I’ll be 55 years old. I’ll turn 56 40 days later. I will have been working for nearly 43 years at that point.
That’s my planned “retirement” date. I’ve got two years from today to figure all of this stuff out.
On one hand, that seems like more than enough time. Two years to figure out everything. Two years to start putting things away, selling things, starting the long transition from one long era of my life to a new one.
On the other hand, it’s less than 750 days. That’s not a lot of time to accomplish many of the things I have to figure out. Things like: paying for a long bicycle trip. How long do I plan on being on the road? What happens after I’m done being on the road? Where do I stay? How do I eat? How do I acquire the necessary skills to survive on the road / being technically and literally homeless?

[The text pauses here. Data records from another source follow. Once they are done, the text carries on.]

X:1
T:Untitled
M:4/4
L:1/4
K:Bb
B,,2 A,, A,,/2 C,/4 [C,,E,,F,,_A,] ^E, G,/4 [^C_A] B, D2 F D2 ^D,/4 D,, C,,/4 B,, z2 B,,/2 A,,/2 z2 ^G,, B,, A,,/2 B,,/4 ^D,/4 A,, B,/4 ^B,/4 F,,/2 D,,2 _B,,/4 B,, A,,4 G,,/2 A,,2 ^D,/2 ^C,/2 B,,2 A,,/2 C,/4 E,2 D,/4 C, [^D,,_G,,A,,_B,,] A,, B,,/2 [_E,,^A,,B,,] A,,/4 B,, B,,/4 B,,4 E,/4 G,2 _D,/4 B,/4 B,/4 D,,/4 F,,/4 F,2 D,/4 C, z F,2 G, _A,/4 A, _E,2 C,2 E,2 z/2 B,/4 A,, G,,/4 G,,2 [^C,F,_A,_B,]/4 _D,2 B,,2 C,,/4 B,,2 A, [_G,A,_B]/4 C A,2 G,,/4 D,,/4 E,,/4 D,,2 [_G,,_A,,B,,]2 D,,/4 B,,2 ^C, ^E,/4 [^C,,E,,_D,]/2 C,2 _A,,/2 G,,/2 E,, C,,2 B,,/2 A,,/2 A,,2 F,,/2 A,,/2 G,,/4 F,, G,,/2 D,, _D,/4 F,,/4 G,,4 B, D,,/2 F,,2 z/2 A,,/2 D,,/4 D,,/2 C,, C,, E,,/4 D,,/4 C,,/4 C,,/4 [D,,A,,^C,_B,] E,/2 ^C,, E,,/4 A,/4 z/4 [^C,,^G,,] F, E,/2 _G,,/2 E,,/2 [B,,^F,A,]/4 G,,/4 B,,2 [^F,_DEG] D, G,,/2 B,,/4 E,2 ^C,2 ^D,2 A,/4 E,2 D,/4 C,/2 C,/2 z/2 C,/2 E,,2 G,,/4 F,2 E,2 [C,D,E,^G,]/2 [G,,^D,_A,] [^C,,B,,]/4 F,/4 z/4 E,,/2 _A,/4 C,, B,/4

What about “Plan B”? What if something happens to my health between now and then? My brother and one of my sisters have both had their knees replaced. Does that mean whatever condition they had which led to those operations will affect me, too? Can I ride a bicycle thousands of miles with replaced knees?
Hell, can I ride a bicycle thousands of miles with my original factory installed knees?

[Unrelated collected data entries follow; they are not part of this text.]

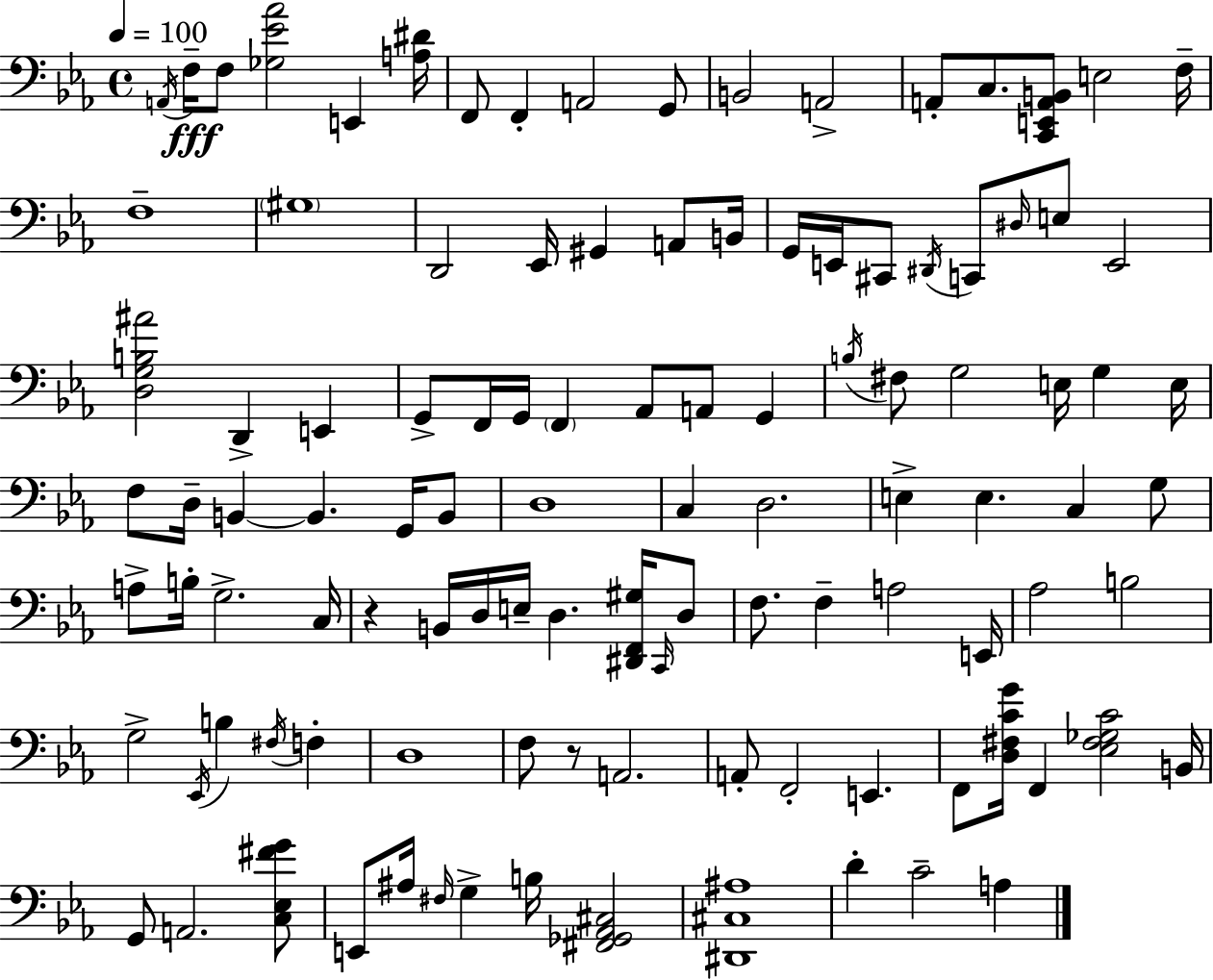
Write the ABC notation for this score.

X:1
T:Untitled
M:4/4
L:1/4
K:Eb
A,,/4 F,/4 F,/2 [_G,_E_A]2 E,, [A,^D]/4 F,,/2 F,, A,,2 G,,/2 B,,2 A,,2 A,,/2 C,/2 [C,,E,,A,,B,,]/2 E,2 F,/4 F,4 ^G,4 D,,2 _E,,/4 ^G,, A,,/2 B,,/4 G,,/4 E,,/4 ^C,,/2 ^D,,/4 C,,/2 ^D,/4 E,/2 E,,2 [D,G,B,^A]2 D,, E,, G,,/2 F,,/4 G,,/4 F,, _A,,/2 A,,/2 G,, B,/4 ^F,/2 G,2 E,/4 G, E,/4 F,/2 D,/4 B,, B,, G,,/4 B,,/2 D,4 C, D,2 E, E, C, G,/2 A,/2 B,/4 G,2 C,/4 z B,,/4 D,/4 E,/4 D, [^D,,F,,^G,]/4 C,,/4 D,/2 F,/2 F, A,2 E,,/4 _A,2 B,2 G,2 _E,,/4 B, ^F,/4 F, D,4 F,/2 z/2 A,,2 A,,/2 F,,2 E,, F,,/2 [D,^F,CG]/4 F,, [_E,^F,_G,C]2 B,,/4 G,,/2 A,,2 [C,_E,^FG]/2 E,,/2 ^A,/4 ^F,/4 G, B,/4 [^F,,_G,,_A,,^C,]2 [^D,,^C,^A,]4 D C2 A,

When I got done with my 60 mile ride today, I took a nice, long (two hour!), hot bath. That helps with the aching muscles. Where am I going to find a bathtub on the road?

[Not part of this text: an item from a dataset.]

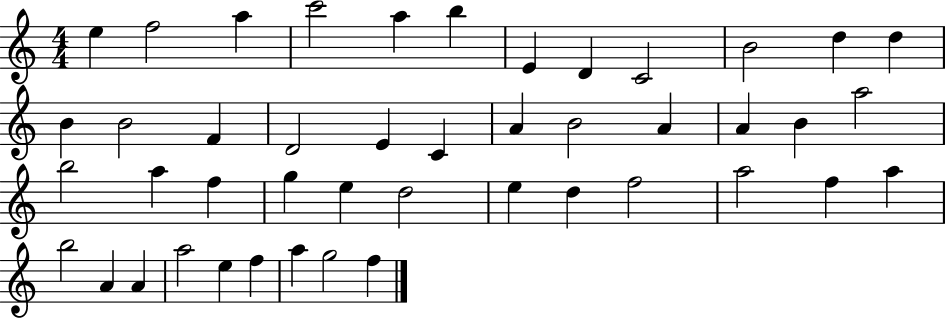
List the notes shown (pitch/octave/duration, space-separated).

E5/q F5/h A5/q C6/h A5/q B5/q E4/q D4/q C4/h B4/h D5/q D5/q B4/q B4/h F4/q D4/h E4/q C4/q A4/q B4/h A4/q A4/q B4/q A5/h B5/h A5/q F5/q G5/q E5/q D5/h E5/q D5/q F5/h A5/h F5/q A5/q B5/h A4/q A4/q A5/h E5/q F5/q A5/q G5/h F5/q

How can I possibly leave Dexter?
Two years. Not a lot of time to figure out the answers.
Completely unrelated, except that it was another major milestone in my life that occurred on June 1.
The year was 1977. I was sworn into the US Navy and was off to boot camp in Great Lakes, Illinois. I was 18 years old.
I’d graduated from high school in 1976. I worked for Shoney’s in Millington, TN. One night in mid-May, 1977, I told the assistant manager that she basically had her head up her ass . . . which was, in a way, a good thing for her since she could then tell the difference between her ass and a hole in the ground.
This was on a Friday night. I was working the “wheel.” Assembling the cooked items onto the plates to put in the window for the waitresses to retrieve and take out to the tables. The assistant manager took my observation to heart, but, upon a tenth of a second’s reflection, decided that Shoney’s would somehow have to muddle on without my tremendous talents. (Obviously, since that Shoney’s is no longer in business in Millington, we can assume that she bet wrong. Que sera sera.)
She could probably bring some sort of trademark infringement against Donald Trump. As she said the words, “You’re fired!” long before he gathered up a bunch of apprentices and made them do stupid things.
I took my apron off and proceeded to change my status from “Shoney’s Employee” to “Shoney’s Customer.” I sat down at the horseshoe shaped counter and demanded to see a menu. Oddly enough, the woman who just fired me had also assigned herself a “wait station,” which just happened to include the counter where her former employee was now demanding a menu.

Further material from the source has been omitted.